В фонетическом слове, сохранившем антиципацию *ь̯, контраст между ожидаемым и реальным сегментом был также ощутим, если после *ь̯ следовали губной или задненебный (т. е. веляризованные) согласные (*tь̯p, *tь̯k). Здесь также включался компенсационный механизм сохранения позиционной по происхождению палатализованности. Поэтому позиция перед названными согласными преимущественно является позицией различения твердых и мягких согласных там, где есть корреляция палатализованности.
Вызванный падением редуцированных сбой в фонетической программе слова был менее ощутим, если *ъ̯ утрачивался между губным согласным и паузой (*pь̯ #). Низкий тон веляризованных губных препятствовал их компенсационной палатализованности. Поэтому в большей части языков/диалектов, имеющих корреляцию палатализованности, мягкие губные в конце слова отсутствуют. Исключение в этом плане представляют русские говоры юго-восточной части территории ДАРЯ [Атлас 1986] и некоторые серболужицкие говоры [Sorbischer Sprachatlas 1990, 233]. В болгарских диалектах мягкость финальных губных ассоциируется с заимствованной (турецкой) лексикой [Кочев 1968]. И никогда твердые и мягкие губные не образуют оппозицию перед согласными (если не принимать во внимание сочетание слова с частицей, как в русском огра́пʼка (imp.) — трʼа́пка).
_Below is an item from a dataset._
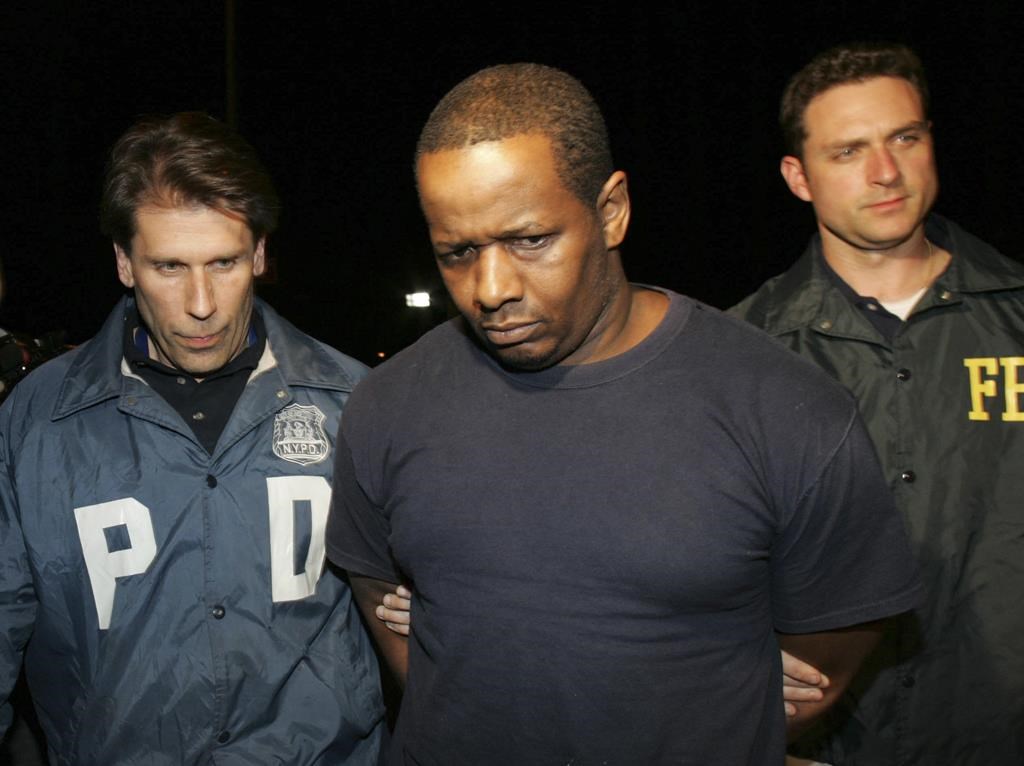  Sur cette photo du jeudi 21 mai 2009, James Cromitie, au centre, est conduit par des policiers hors d'un bâtiment fédéral à New York après avoir été arrêté pour des accusations liées à un complot d'attentat à la bombe dans le Bronx.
Что касается зубных согласных, то они сохраняли палатализованность на конце слова везде, где есть соответствующая корреляция, и по-разному вели себя перед не губными и не задненебными согласными.
Исходя из сказанного, на вопрос, почему после падения редуцированных в одних славянских языках/диалектах появилась корреляция палатализованности, а в других нет, можно ответить так. Потому, что ослабление/утрата редуцированных гласных и осознание этого носителями языка могли не совпадать во времени. Там, где в программе слова сохранялся автоматизм антиципации переднего гласного *ь̯, согласные стали мягкими вопреки фактическому отсутствию этого гласного (до этого они могли быть как полумягкими, так и мягкими, т. е. *t⁽˙ᵗʼ⁾ь̯). Другой вариант развития выражался в том, что синхронно с утратой *ь̯, из программы слова исключалась антиципация этого гласного, что автоматически устраняло следы предшествующей палатализованности (как полумягкости, так и мягкости). Надо признать, что это различие вызывает очередной вопрос «почему?», но ответ на него, видимо, надо искать в более общих закономерностях устройства звуковых последовательностей в соответствующих языках/диалектах (характер связи согласного и гласного вообще). Таким образом, вопросы, касающиеся собственно образования корреляции палатализованности, заканчиваются на «почему?». Вопрос «зачем?» не возникает, поскольку никакая лингвистическая цель в связи с наличием корреляции или ее отсутствием не ассоциируется. Те последствия для фонематического устройства языка/диалекта, которые сопровождают корреляцию палатализованности, не являются целью ее появления.
Но вопрос не только «почему?», но и «зачем?» отчетливо просматриваются в тех изменениях, которым подверглась в славянских языках/диалектах после падения редуцированных синтагматика шумных согласных, различающихся участием голоса.
Результатом падения редуцированных явилась последовательность шумных согласных, неоднородных в отношении участия голоса. Это была абсолютная новация, поскольку контраст по наличию/отсутствию голоса между рядом стоящими шумными согласными до падения редуцированных был невозможен. Как и в случае палатализованных согласных после утраты *ь̯, адаптация шумных согласных к новой ситуации (утрата *ъ̯, *ь̯) происходила неодинаково в разных языках/диалектах. При этом следует различать позицию перед согласным (сочетание согласных) и перед паузой (конец слова).